Ubóstwo. Stary Testament mówi o ubogich Jahwe, anawim. Była to grupa wdów i sierot świadomych, że są skazani na śmierć, bo nie mają żadnych środków utrzymania. Wiedzieli, że są zależni tylko od Boga. I ta grupa w oczach Bożych była uprzywilejowana. Bóg w szczególny sposób o nich się troszczył, dlatego że oni cali byli wpatrzeni w Niego, ich życie przekonywało o tym, że są we wszystkim zupełnie od Niego zależni, że nie mogą liczyć na ludzi, tylko na Boga. Bóg na tę ich wiarę odpowiadał. I taka jest też Maryja. Ona jest cała wpatrzona w Boga, Ona cała jest u Boga, cała jest anawim. W życiu duchowym wpatrzenie jest też związane z władzą. W kogo jestem wpatrzony, temu oddaje władzę nad sobą. Maryja cały czas była wpatrzona w Boga, więc On panował w Jej życiu nad wszystkim.
Widzimy to bardzo pięknie, kiedy Jezus przychodzi do uczniów po wodzie, a Piotr prosi: „Panie, jeśli to Ty jesteś, każ mi przyjść do siebie po wodzie!” (Mt 14,28). Jezus mówi: chodź. Piotr wychodzi z łodzi i dopóki patrzy na Jezusa, to idzie po wodzie, ale gdy zaczyna patrzeć na wodę, jak fale kłębią się dookoła, zaczyna tonąć. Temu, na co patrzysz, oddajesz władzę nad sobą. Świat, w którym żyjemy, chce, żebyśmy patrzyli na ten świat, żebyśmy nie patrzyli na Boga, żebyśmy zamartwiali się problemami, naszymi życiowymi burzami, bo wtedy oddajemy im władzę nad sobą. A Jezus mówi: patrz na Mnie. A my bez Maryi nie potrafimy patrzeć na Jezusa. Ona może nas uczyć takiego spojrzenia we wszystkim. Bo sama we wszystkim jest zapatrzona w Boga, we wszystkim jest u Boga. Święty Ludwik mówił, że Maryja jest rajem Boga, że Bóg był w Nią wpatrzony jak w raj i Ona też była wpatrzona w Niego. To jest wzajemność takiego wpatrzenia w siebie, które jest właściwe tylko miłości. Nie ma takiego wzajemnego wpatrzenia w siebie, wpatrzenia totalnego, nigdzie indziej, jak tylko między dwoma osobami, które siebie kochają. To jest po prostu niemożliwe.

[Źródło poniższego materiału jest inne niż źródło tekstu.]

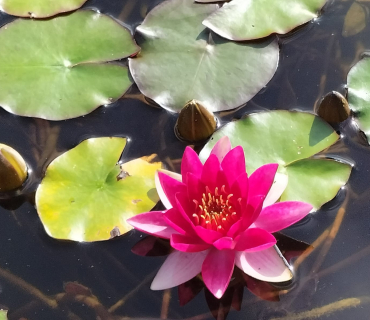 Advent - Primer diumenge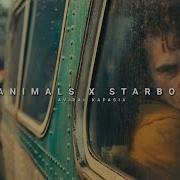 Animals X Starboy Tiktok Remix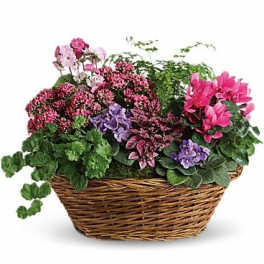 Basket of blooming potted flowers in pink, purple, and white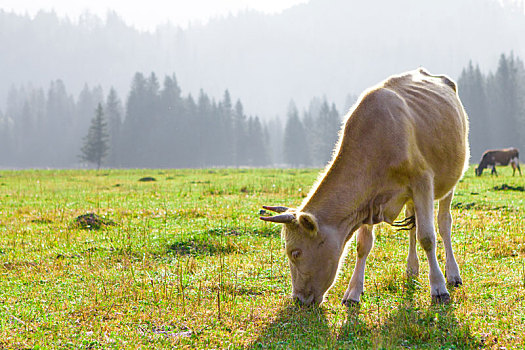 清晨,牧场中的肉牛正在吃草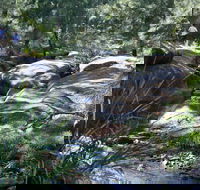 Towarri National Park - Accommodation in Brisbane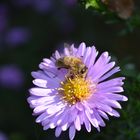 Blume im Herbst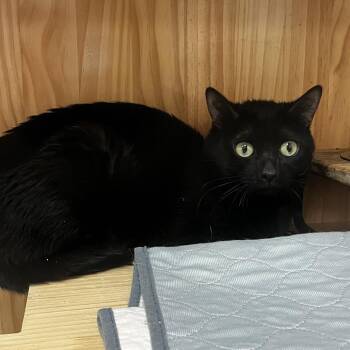 Inky -  Domestic Short Hair Cat for Adoption in Yucca Valley, California - Inky | PetCurious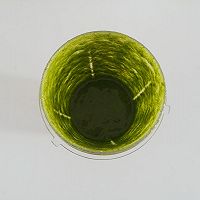 青酱 【意式Pesto】的做法图解5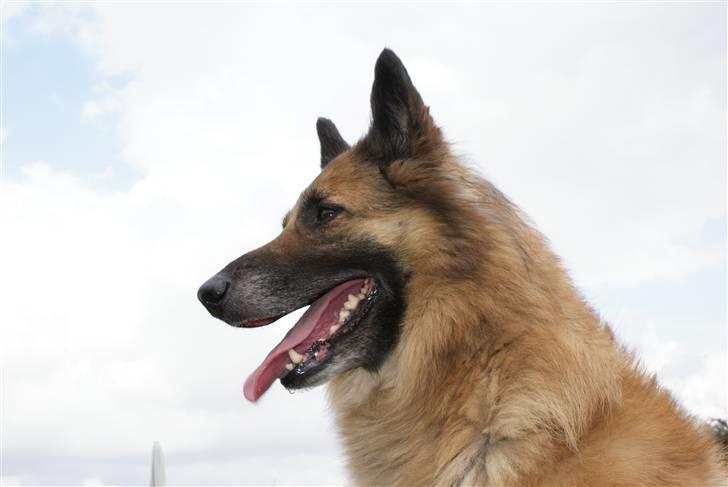 Tervueren Chika - Jeg er stolt. billede 4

Więc ubóstwo to jest odwrócenie oczu od tego świata, to jest odwrócenie oczu od siebie samego, a skierowanie ich na Boga. Świat, w którym żyjemy, może mówić coś innego. Moje uczucia, moje wrażenia, moje zapatrywania, moje wyobrażenia mogą mi mówić zupełnie co innego. Ale ja patrzę na Boga. W życiu Maryi rzeczywiście tak było. Ona przeżywała różne trudne sytuacje, ale we wszystkich była wpatrzona w Boga. Kiedy rodziła Jezusa, dookoła było zimno, w stajence śmierdziało. To były najmniej komfortowe warunki, jakie mogłaby sobie wymarzyć matka, żeby w nich urodzić dziecko. Ale Maryja jest wpatrzona w Jezusa, a nie w powody do narzekania. A w co my jesteśmy wpatrzeni?
Przeżyj dzisiejszy dzień z takim nastawieniem, jakbyście istnieli tylko Bóg i ty. Oczywiście nie chodzi o to, żeby zaniedbywać swoje obowiązki. Chodzi o to, żeby w każdej sytuacji, przy każdym problemie czy dylemacie myśleć o Bogu, który nie przemija.